Ao contrário do que ocorreu nos tempos modernos, a institui­ção da escravidão na antiguidade não foi uma forma de obter mão-de-obra barata nem instrumento de exploração para fins de lucro, mas sim a tentativa de excluir o labor das condições da vida huma­na. Tudo o que os homens tinham em comum com as outras formas de vida animal era considerado inumano. (Esta era também, por si­nal, a razão da teoria grega, tão mal interpretada, da natureza inu­mana do escravo. Aristóteles, que sustentou tão explicitamente a sua teoria para depois, no leito de morte, alforriar seus escravos, talvez não fosse tão incoerente como tendem a pensar os moder­nos. Não negava que os escravos pudessem ser humanos; negava somente o emprego da palavra «homem» para designar membros da espécie humana totalmente sujeitos à necessidade.) E a verda­de é que o emprego da palavra «animal» no conceito de animal la­borans, ao contrário do outro uso, muito discutível, da mesma pa­lavra na expressão animal rationale, é inteiramente justificado. O animal laborans é, realmente, apenas uma das espécies animais que vivem na terra — na melhor das hipóteses a mais desenvolvida. [Hannah Arendt (1991/5.ª ed). A Condição Humana. Rio de Janeiro: Forense Universitária, pp. 90-5, adaptado ao português de Portugal]

1 comentário:

Haddammann Verão disse...

Esta é uma das melhores e mais elucidativas postagens que já vi na Rede Bloguista; por isso também vou contribuir com um resumo de um texto em prol das chances que despontam para instituirmos a Meritocracia.
Eis:
Extremissimamente difícil seria pra qualquer um entender como poderíamos “aceitar” a pobreza, como o que “sempre teríamos” (suposta e incoerente fala de um provável ser humano nomeado Jesus). Seria um endosso à irresponsabilidade civil para o cidadão classificado como r i c o. Outro endosso à displicência civil para o ser consciente que tem suporte, acesso, e grau, no Conhecimento Humano é a postura psicológica de Aristóteles referente a t r a b a l h o. Ambos os endossos efetivam o disparate de o ser humano com tão evoluído acervo de informações conviver com um destrambelhamento soberbo em referência às condições sociais de vida.

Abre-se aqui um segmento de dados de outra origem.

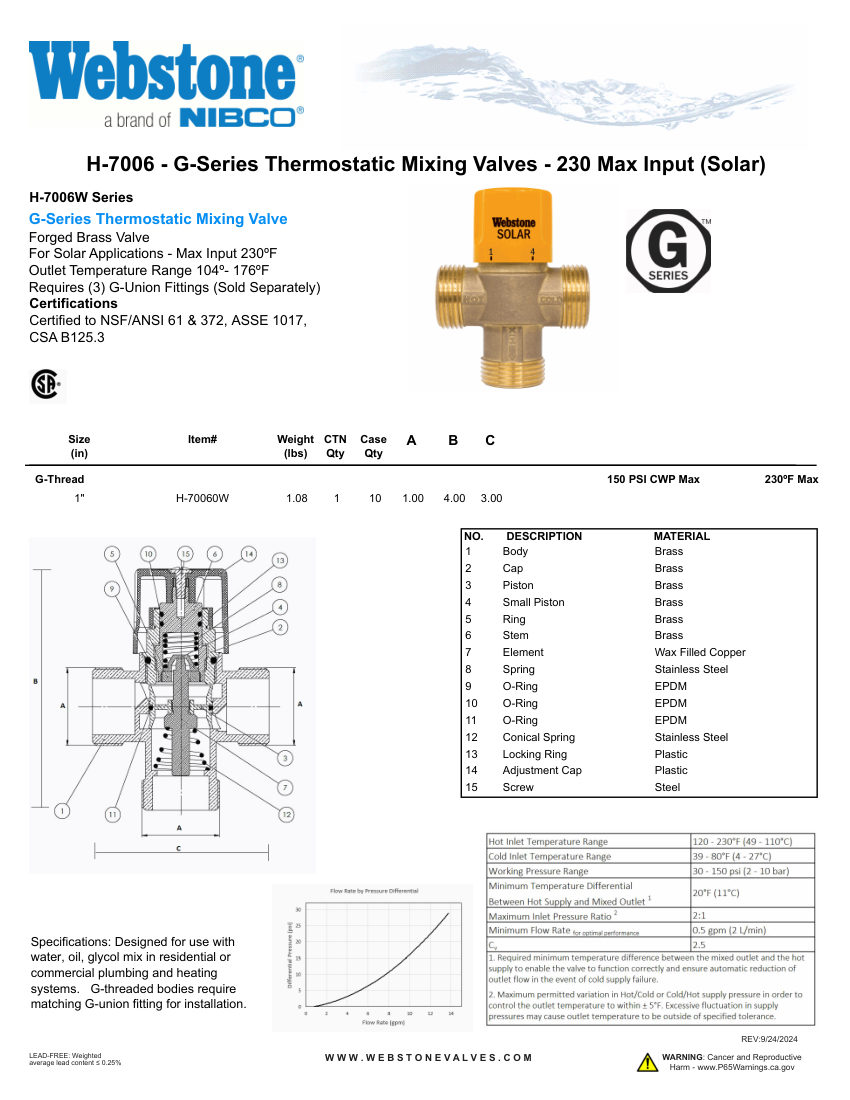 NIBCO H-7006_ZSpec cut sheet — first page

O que precisamos ver neste instante é que:
Nunca o ser humano pôde prescindir do trabalho; por conseguinte nunca poderia tê-lo visto como “desgastador” da vida humana. Isso foi um engodo psicológico incutido em nosso viver social para justificar a indolência, o uso da força, e a usurpação do mérito.

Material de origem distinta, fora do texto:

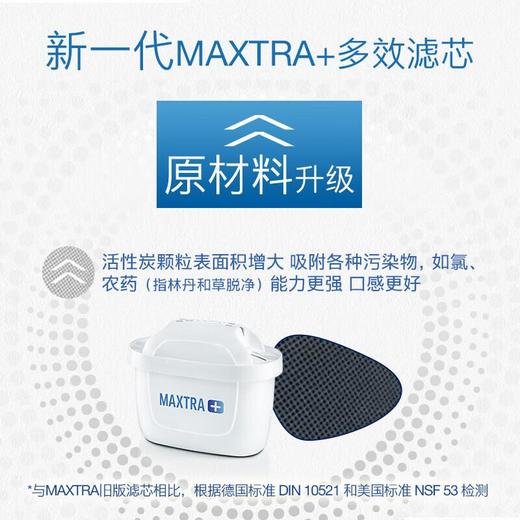 BRITA碧然德滤芯滤水壶家用净水器净水壶标准版滤芯3只装 商品图3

Porque, por mais que o ser humano tenha de ter sido cruel consigo mesmo para vencer as dificuldades que o âmbito lhe impunha, para se suster como vida, sem dúvida alguma foi o apreço, e atenção, e gozo à sua gradual engenhosidade e curiosidade, que fez fervilhar em notórias expressões muitas e tantas formas e maneiras com que pôde usufruir melhor a vida. Então, como um corrigir da própria Natureza, o ser humano diante de tamanho desacerto social que experimenta hoje, vê o lúmen do acerto na sua ancestralidade. Assim, pelo modo que o ser sapiens se dispôs a viver em sociedade para que ela servisse não só a uns mas a todos, concedendo compensações condizentes aos méritos que se prontificavam, agora somos (como seres sapiens sapiens faber psi) instados a rever a configuração social pela paleta que primitivamente nos edificou – o Mérito, a Função, a Felicidade de Construir, Compartilhar, Comunicar e, propiciar Prazer.